Is this doable? Is Snort actually useful?
User requirements? 
Shut Down / Avoid future Fortinet advertisements LOL.
Both of you are charged with wasteful carbon usage for nonsensical posts!
If you don’t have experience in subject matter, input not required.
Isn’t pihole better suited for that ?
From what I can see, Snort is more for network intrusion detection.
OTOH if you need Snort for detecting network intrusion, your firewall may not be up to par 
True 
@anav, you did not specify the bigger context ; Offcourse “Snort” can run on/in a container, but did you mean : “run SNORT on a container ON a Mikrotik ??”

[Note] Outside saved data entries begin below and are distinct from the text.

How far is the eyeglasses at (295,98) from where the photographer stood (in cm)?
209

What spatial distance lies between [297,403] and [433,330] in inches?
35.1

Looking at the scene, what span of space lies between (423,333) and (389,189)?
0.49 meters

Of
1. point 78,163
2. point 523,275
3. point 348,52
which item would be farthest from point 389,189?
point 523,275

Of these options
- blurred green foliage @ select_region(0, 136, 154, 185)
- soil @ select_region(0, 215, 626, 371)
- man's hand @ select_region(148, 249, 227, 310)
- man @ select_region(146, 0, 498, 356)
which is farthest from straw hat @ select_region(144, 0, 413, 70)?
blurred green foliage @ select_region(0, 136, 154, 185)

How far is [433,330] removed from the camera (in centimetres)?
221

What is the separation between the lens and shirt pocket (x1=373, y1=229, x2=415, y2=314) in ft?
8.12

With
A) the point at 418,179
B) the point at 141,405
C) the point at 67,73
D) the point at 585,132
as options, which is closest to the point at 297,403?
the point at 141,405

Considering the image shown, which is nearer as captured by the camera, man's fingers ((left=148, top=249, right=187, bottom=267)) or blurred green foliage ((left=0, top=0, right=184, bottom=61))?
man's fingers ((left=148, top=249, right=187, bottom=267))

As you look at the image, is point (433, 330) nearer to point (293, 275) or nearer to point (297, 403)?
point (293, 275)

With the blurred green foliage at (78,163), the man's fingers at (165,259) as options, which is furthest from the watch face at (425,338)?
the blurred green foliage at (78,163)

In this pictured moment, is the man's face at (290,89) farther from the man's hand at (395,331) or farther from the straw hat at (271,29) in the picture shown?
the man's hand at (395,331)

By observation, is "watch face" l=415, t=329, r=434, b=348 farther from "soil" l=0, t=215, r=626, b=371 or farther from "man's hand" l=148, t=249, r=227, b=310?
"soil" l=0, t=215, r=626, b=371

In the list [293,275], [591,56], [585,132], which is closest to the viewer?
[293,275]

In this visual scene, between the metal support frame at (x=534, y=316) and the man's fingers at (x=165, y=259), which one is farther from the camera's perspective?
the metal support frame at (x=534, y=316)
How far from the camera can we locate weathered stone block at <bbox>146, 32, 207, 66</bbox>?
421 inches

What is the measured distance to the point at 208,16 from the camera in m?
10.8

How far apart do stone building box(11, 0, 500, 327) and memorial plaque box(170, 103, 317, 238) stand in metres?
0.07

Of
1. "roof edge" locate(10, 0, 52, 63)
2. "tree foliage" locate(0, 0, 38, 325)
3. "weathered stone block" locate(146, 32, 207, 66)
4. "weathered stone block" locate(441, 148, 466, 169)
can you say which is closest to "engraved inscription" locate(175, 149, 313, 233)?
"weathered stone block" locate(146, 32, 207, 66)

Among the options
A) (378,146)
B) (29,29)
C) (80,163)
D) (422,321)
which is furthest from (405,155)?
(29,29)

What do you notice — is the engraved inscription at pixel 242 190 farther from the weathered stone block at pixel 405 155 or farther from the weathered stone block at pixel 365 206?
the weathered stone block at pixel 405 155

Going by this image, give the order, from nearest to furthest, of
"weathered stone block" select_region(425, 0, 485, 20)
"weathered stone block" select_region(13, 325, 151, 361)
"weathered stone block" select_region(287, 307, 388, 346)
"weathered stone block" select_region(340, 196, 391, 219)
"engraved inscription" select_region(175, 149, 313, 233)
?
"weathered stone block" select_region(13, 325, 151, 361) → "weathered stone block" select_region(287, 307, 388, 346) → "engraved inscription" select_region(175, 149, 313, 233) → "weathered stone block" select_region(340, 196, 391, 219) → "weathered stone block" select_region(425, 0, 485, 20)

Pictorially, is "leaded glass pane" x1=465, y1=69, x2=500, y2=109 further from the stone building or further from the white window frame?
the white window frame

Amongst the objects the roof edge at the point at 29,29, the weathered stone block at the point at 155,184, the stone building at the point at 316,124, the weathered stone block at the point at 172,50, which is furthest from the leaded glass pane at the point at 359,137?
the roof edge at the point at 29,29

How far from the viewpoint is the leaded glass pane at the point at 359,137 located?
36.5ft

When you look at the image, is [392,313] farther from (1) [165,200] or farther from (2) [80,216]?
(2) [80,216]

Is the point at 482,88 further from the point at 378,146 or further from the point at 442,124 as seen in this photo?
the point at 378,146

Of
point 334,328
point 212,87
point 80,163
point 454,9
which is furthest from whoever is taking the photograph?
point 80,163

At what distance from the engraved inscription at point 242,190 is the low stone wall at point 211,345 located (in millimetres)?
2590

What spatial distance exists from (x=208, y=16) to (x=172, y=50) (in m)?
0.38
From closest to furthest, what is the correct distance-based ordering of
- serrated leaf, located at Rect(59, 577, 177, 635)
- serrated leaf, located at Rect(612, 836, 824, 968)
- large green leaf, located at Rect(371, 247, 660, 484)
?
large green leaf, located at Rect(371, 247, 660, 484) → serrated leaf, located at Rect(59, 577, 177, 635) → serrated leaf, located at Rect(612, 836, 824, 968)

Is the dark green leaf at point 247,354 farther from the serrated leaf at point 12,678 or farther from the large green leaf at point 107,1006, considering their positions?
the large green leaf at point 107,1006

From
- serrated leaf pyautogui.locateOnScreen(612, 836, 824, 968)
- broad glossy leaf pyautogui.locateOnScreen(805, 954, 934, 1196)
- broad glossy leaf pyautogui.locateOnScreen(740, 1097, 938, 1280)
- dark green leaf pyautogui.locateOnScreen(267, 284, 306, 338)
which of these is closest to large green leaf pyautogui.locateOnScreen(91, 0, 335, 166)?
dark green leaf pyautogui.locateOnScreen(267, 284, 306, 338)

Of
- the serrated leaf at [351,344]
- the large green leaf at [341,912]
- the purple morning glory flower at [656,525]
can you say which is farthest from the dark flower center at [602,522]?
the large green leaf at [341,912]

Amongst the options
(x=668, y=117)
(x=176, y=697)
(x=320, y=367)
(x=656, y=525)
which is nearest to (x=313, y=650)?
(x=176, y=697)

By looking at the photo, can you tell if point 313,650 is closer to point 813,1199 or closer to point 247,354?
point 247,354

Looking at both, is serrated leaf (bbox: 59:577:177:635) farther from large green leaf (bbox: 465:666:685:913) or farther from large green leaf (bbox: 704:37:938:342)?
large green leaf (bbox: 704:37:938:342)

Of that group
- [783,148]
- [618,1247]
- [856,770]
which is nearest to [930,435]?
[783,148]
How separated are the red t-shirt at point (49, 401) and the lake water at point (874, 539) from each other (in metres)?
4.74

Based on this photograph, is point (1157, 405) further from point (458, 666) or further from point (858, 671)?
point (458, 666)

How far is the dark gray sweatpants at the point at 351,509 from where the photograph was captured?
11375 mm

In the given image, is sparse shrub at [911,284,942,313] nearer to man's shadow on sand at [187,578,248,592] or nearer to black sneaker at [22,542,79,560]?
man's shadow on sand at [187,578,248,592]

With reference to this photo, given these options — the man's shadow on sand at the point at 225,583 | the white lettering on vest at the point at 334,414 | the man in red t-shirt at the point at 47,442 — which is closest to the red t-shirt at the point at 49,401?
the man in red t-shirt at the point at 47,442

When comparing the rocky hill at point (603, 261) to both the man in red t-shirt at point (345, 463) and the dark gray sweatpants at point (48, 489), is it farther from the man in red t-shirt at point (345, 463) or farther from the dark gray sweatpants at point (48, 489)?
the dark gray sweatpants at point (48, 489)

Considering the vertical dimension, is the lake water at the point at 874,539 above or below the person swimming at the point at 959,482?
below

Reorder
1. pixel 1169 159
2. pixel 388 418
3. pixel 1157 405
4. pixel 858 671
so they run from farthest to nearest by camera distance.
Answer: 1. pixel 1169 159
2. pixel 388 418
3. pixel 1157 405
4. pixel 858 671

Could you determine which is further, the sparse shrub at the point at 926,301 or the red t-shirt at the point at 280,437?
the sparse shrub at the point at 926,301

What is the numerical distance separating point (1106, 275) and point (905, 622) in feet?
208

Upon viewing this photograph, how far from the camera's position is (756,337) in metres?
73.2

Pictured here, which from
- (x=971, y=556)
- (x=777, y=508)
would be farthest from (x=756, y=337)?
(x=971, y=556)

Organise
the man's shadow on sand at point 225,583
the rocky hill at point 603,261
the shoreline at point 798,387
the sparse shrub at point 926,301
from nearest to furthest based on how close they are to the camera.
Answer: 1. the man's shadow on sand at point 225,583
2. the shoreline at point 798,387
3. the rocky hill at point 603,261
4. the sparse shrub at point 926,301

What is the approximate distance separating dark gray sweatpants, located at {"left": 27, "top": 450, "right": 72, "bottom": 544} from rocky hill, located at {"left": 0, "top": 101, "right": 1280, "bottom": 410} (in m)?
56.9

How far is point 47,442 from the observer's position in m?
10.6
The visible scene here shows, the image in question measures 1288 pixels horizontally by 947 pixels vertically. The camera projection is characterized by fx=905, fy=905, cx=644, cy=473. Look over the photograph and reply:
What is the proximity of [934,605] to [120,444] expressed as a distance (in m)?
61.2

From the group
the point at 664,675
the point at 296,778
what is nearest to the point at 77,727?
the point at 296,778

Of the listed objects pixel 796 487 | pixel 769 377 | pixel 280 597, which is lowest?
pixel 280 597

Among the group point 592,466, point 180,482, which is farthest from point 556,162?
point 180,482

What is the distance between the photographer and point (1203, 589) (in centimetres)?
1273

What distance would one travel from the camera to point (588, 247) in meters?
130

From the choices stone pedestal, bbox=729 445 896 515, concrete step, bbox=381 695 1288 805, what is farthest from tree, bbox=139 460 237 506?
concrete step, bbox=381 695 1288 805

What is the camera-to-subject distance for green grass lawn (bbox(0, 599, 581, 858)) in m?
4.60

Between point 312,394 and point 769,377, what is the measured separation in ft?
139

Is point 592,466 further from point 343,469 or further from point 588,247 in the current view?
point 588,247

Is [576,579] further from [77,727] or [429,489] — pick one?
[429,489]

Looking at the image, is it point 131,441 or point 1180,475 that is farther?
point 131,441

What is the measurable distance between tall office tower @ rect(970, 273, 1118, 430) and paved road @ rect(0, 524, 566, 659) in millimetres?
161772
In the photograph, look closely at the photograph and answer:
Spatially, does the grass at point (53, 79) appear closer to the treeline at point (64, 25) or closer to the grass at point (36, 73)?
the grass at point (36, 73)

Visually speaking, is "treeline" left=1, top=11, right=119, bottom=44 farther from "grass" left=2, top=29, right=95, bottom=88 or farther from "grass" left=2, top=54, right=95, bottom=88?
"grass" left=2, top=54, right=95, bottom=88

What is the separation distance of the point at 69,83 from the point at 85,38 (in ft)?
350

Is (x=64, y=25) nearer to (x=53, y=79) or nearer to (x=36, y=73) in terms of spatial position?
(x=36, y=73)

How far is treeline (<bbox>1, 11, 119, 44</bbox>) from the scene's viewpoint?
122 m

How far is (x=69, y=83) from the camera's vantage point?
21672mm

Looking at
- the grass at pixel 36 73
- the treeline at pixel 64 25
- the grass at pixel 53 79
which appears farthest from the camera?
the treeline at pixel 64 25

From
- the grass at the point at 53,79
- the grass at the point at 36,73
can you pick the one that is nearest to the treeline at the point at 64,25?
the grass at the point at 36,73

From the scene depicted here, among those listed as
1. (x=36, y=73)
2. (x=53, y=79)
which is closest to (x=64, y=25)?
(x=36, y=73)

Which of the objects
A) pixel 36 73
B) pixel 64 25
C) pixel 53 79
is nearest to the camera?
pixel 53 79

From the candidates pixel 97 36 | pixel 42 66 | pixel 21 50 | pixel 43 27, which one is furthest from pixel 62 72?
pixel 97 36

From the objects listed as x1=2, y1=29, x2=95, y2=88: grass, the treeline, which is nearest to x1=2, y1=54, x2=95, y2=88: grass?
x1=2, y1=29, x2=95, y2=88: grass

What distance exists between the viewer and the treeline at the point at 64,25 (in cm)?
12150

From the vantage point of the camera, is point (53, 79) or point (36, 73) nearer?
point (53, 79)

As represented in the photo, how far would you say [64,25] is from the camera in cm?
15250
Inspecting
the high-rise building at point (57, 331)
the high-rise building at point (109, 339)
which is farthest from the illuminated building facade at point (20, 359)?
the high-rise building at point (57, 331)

In that case I don’t think it will fly…its very resource-hungry and only if you run like a CHR on a x64 servers with lots of resources you might consider this…
Also remember that SNORT is a single-threaded application…you need multiple instances and complex setup to really scale well.
Indeed: use Suricata instead, that supports multithreading.
BUT: I am running suricata on an Intel desktop CPU 6 cores @3,8 GHz for a cable uplink link with 160MBps. The box has 16G RAM. (That replaced an older 4 core Intel box, which was too slow.)
I admit, that runs a lot of other stuff as well, but this is the kind on HW Suricata/Snort likes to run on. It is also picky with the interface cards.
Also one more aspect: without breaking up all HTTPS sessions, IPSes are almost useless.
So with the energy prices today I will just stop using it and replace my shiny home FW box with all the bells and whistles by an RB5009, without IPS.
I will probably save the money I spend on the RB5009 on the electricity bill very soon.